-- TASK MATERIAL follows --

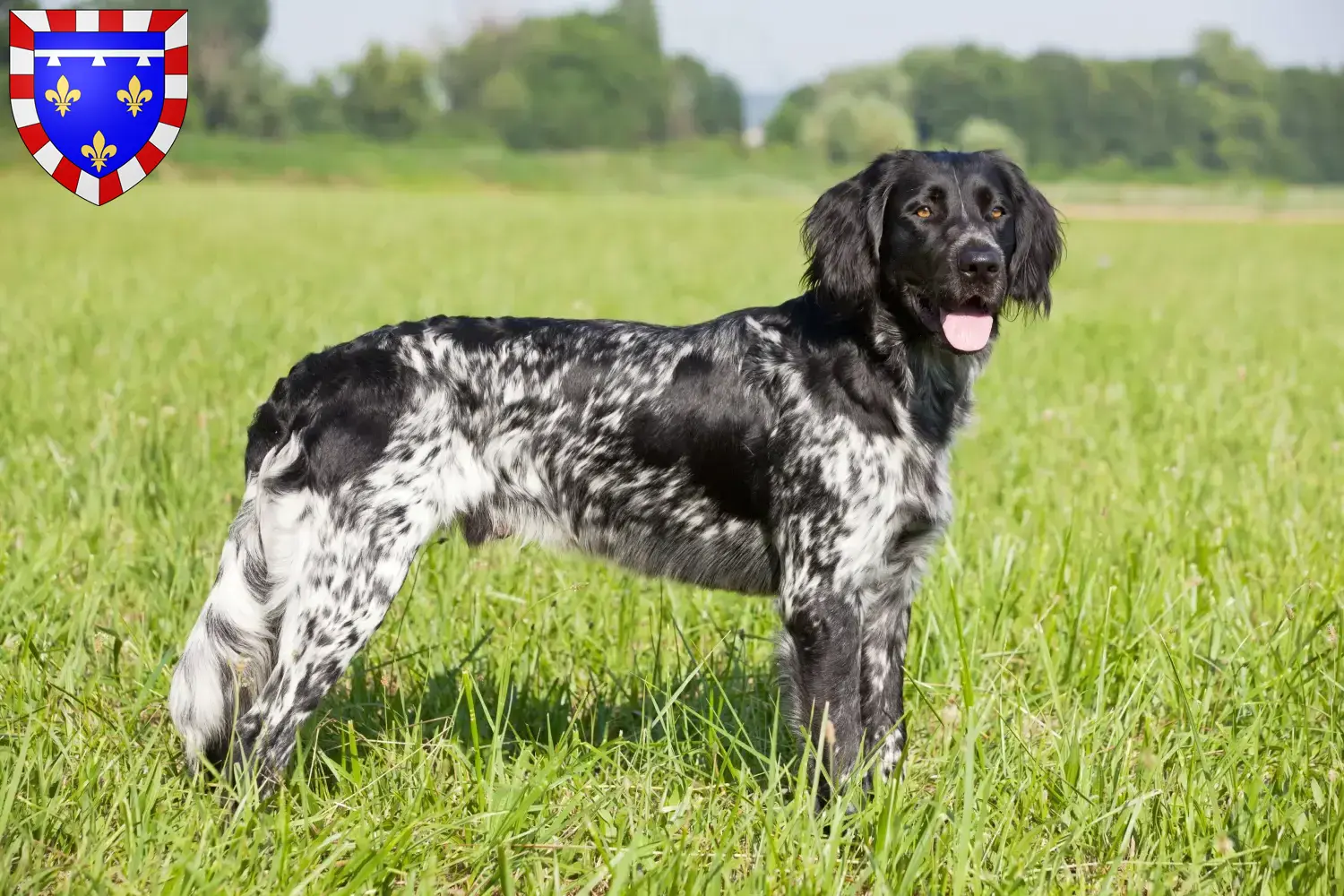 Large Münsterländer puppies and breeder Center-Val de Loire Here you will find Great Munsterland breeders in Centre-Val de Loire.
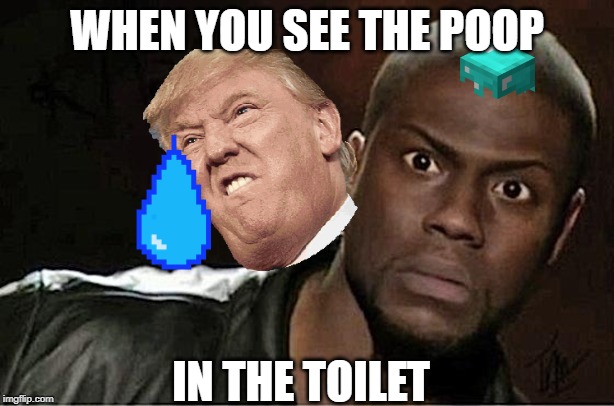 Kevin Hart | WHEN YOU SEE THE POOP; IN THE TOILET | image tagged in memes,kevin hart | made w/ Imgflip meme maker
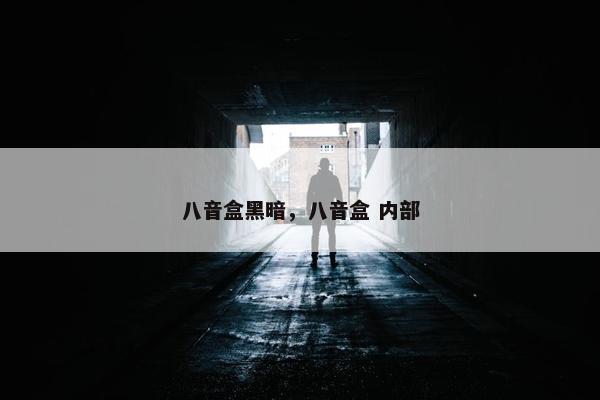 八音盒黑暗，八音盒 内部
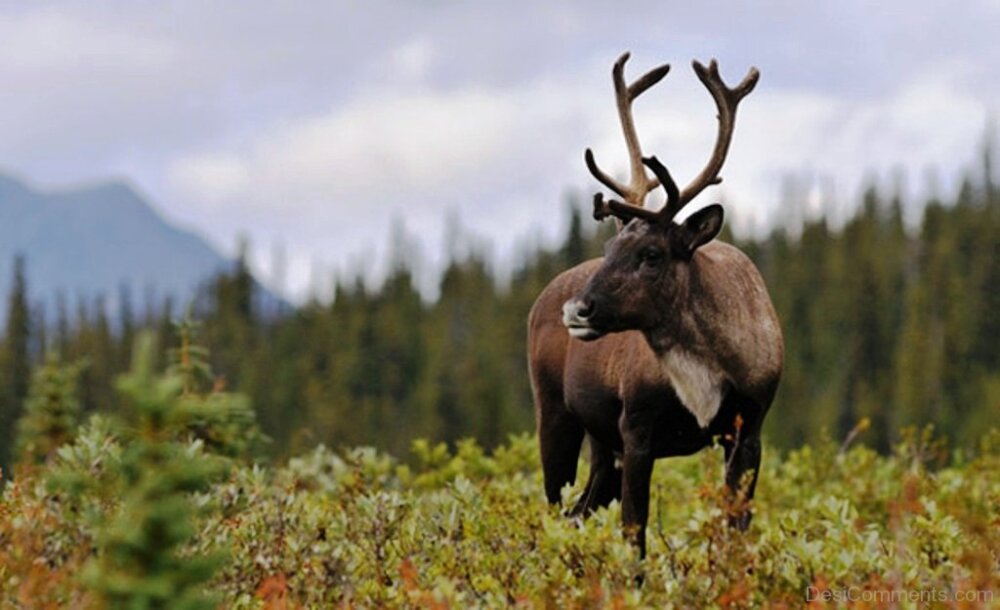 Caribou перевод. Woodland Caribou. Бореальный лес животные. Вунтут национальный парк олени Карибу. Карибу город в Канаде.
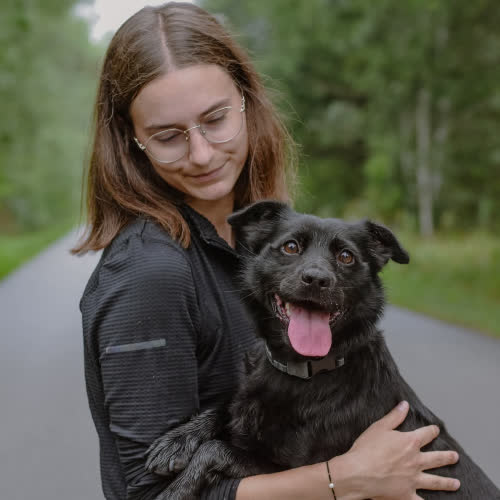 Psy ze schroniska do adopcji Krejzol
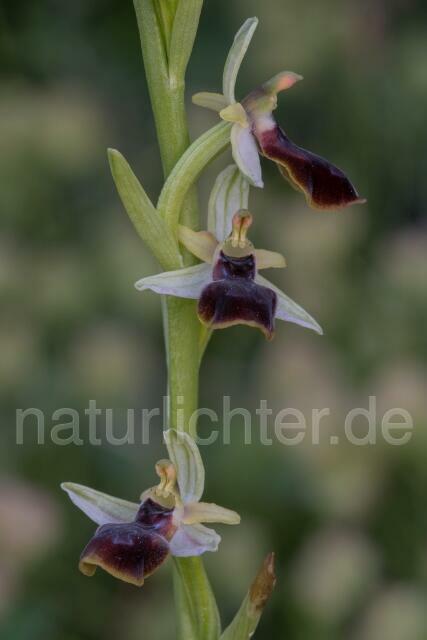 W19470 Gortyn-Ragwurz,Ophrys sphegodes subsp. gortynia - Peter Wächtershäuser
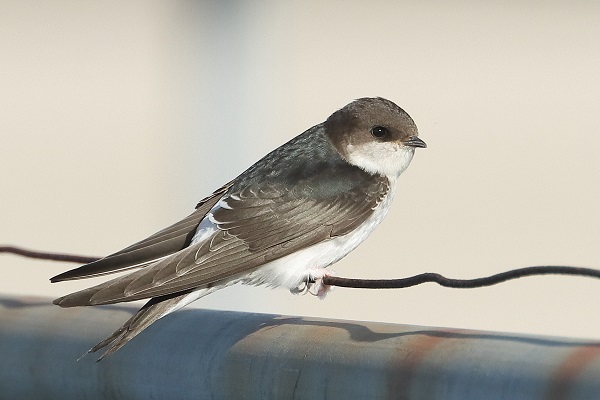 House Martin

-- TASK MATERIAL concluded --

TASK
Only the lines from the start of the records through the line containing "W19470 Gortyn-Ragwurz,Ophrys sphegodes" should be repeated, word for word, with the pictures left out.

EXERCISE ANSWER
 Large Münsterländer puppies and breeder Center-Val de Loire Here you will find Great Munsterland breeders in Centre-Val de Loire.
 Kevin Hart | WHEN YOU SEE THE POOP; IN THE TOILET | image tagged in memes,kevin hart | made w/ Imgflip meme maker
 八音盒黑暗，八音盒 内部
 Caribou перевод. Woodland Caribou. Бореальный лес животные. Вунтут национальный парк олени Карибу. Карибу город в Канаде.
 Psy ze schroniska do adopcji Krejzol
 W19470 Gortyn-Ragwurz,Ophrys sphegodes subsp. gortynia - Peter Wächtershäuser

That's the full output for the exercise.